The passage of time isn’t a problem to someone who’s determined to improve every important aspect of their life over time. You still experience some tradeoffs, but it’s easier to say goodbye to your smooth skin and Olympic aspirations when you know you’re moving towards greater wealth, wisdom, skill, personal freedom and equanimity.
If you have long-term goals, age creates some pretty excellent consolation prizes. For example, if you’ve got a goal of getting into marathon-shape and doubling your income in the next three years, is it really that bad when you do find yourself three years older?
Disease and physical breakdown are inevitabilities, but they can be slowed with a long-standing commitment to health. When they do eventually set in, they can be managed gracefully with wisdom and presence — if developing those qualities has been a part of your lifestyle.

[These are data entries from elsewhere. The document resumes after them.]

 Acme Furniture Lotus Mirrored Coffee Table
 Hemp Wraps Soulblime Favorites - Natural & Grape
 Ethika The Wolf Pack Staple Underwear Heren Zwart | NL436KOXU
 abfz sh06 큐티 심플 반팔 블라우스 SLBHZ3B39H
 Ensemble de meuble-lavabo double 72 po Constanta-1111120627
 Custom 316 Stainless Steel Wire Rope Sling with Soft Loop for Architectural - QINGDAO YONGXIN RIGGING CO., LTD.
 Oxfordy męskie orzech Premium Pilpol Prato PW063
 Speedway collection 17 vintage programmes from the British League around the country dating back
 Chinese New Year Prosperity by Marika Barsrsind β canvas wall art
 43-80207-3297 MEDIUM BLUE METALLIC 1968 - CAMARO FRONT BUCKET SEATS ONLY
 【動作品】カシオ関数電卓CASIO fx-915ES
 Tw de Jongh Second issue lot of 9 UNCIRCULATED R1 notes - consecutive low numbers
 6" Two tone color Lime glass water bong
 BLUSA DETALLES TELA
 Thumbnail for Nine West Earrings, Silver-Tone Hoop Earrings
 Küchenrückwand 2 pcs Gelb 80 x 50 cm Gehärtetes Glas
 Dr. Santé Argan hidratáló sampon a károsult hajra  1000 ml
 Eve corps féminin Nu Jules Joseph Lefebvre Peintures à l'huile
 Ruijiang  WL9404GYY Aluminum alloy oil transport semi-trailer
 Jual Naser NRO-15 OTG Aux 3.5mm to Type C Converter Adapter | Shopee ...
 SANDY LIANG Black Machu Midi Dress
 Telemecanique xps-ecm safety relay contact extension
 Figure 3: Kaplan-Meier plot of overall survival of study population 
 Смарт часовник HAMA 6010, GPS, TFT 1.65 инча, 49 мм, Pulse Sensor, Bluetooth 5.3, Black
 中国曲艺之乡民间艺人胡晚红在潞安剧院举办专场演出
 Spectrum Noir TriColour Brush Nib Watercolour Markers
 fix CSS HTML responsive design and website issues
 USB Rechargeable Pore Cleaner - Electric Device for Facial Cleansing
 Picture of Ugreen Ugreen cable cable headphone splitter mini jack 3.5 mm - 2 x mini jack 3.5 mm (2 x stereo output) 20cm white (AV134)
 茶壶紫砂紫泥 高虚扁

What the self-improver is really creating is ease — long-term ease. Taking five years to transition to a career that doesn’t drive you nuts might be harder in the short term, and much, much easier in the long term. Working out is harder than skipping a workout, but beyond the hour it takes to do either, the first option creates much more ease in life.
The lifelong self-improver is always setting up life so that it delivers increasing dividends in ease and joy. If it’s just a matter of course for you to spend every year of your life building skill, wealth, and wisdom, then birthdays come to feel like “leveling up” instead of losing out.